According to Gartner, organisations spend an average of approximately 2% of their turnover on expensive technology. But many IT initiatives fail, and the high price that "C-level" executives pay for the technology is not realised.
In the 2002 Engagement Project Office Survey conducted by KPMG, it was found that over half (56%) of participating companies said they had experienced failed projects within the preceding 12 months with an average failed project cost of just under R90 million. The largest cost of failure of all participants was R1.6 billion.
So what are the reasons for this?
Weill and Ross (Harvard Business Review, June 2002) attribute these failures to lack of management commitment, and indicate that when senior managers abdicate their IT responsibilities, disaster often occurs. Senior management should create a transformational vision for the organisation. They should provide strategic direction for the rest of the organisation to follow and be the drivers of commitment for all stakeholders. To do this, they need to understand what these IT initiatives are.
Weill and Ross suggest six initiatives which should require top management involvement: the spend on IT, prioritising IT projects, which areas of IT should be centralised and standardised, how good various IT services should be, the appetite for IT security risk and accountability outside of IT for failed IT initiatives.
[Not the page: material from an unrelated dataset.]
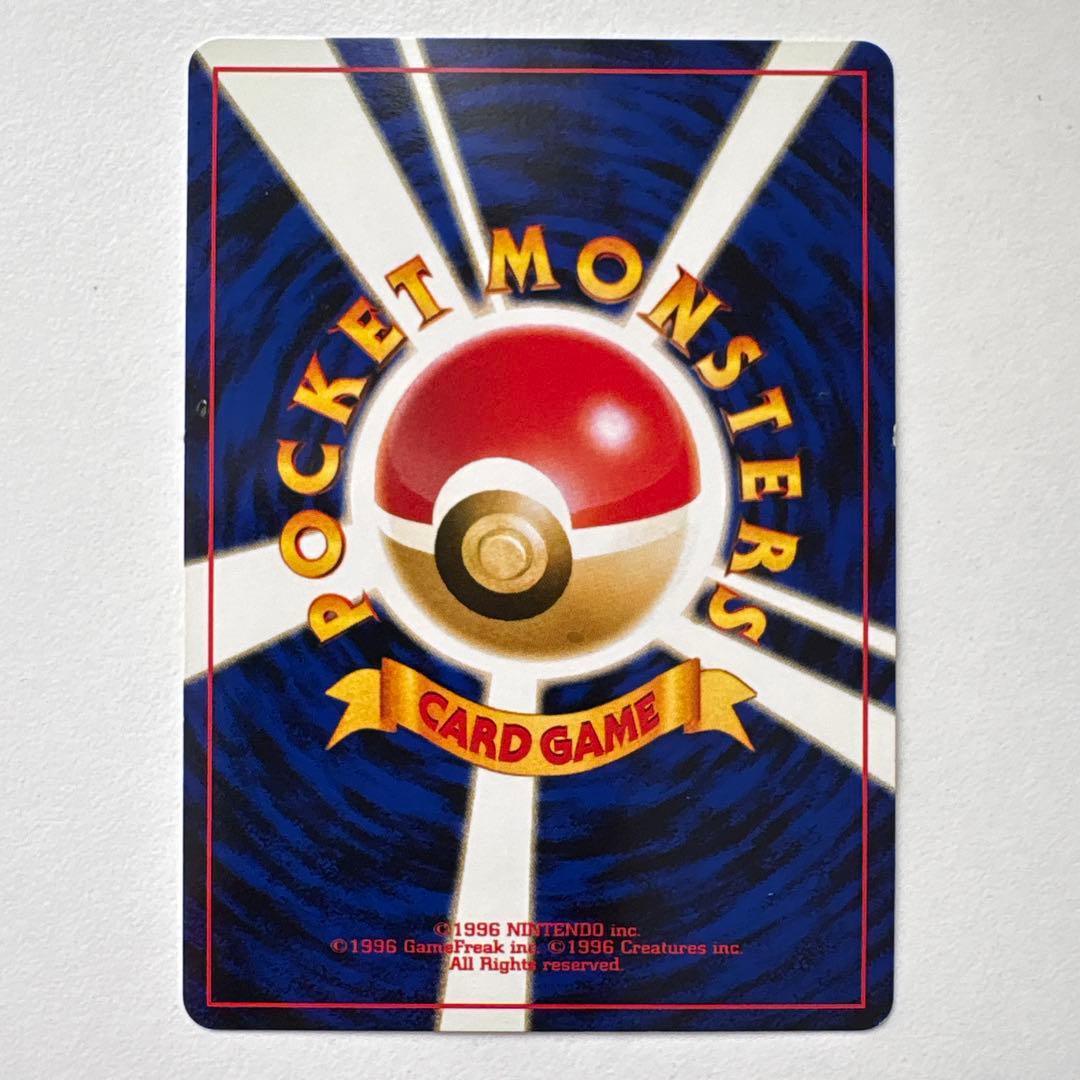 Pokemon Card Game 2 Promo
Management commitment as an ongoing requirement
Management needs to display commitment from inception to completion of an initiative. It is most important that this commitment is maintained throughout the lifecycle of the initiative, and not only during the initial decision-making period. In many projects in which KPMG has been involved, top management displays enormous amounts of enthusiasm at the outset, and once the decisions have been made, senior managers leave the remainder of the project in the hands of IT management and the lower level employees, not realising the importance of their continued commitment and support. During the lifecycle of an initiative, there are many decisions which are made in which management need to be involved.
Lack of management involvement may result in projects not maintaining their focus to the business strategy, IT spend not directed to business priorities, deviation from the initial objectives, emphasis placed in areas that do not benefit the business, and business value never being measured and thus not realised and input from the incorrect levels of the organisation resulting in failed projects.
Concluding thoughts
Despite the evidence which so clearly points to the importance of senior management commitment to IT, it continues to be a struggle to obtain. Top management should place high priority on their continued involvement in IT initiatives to enable an IT function which is a strong enabler to business and drives success and change in the organisation.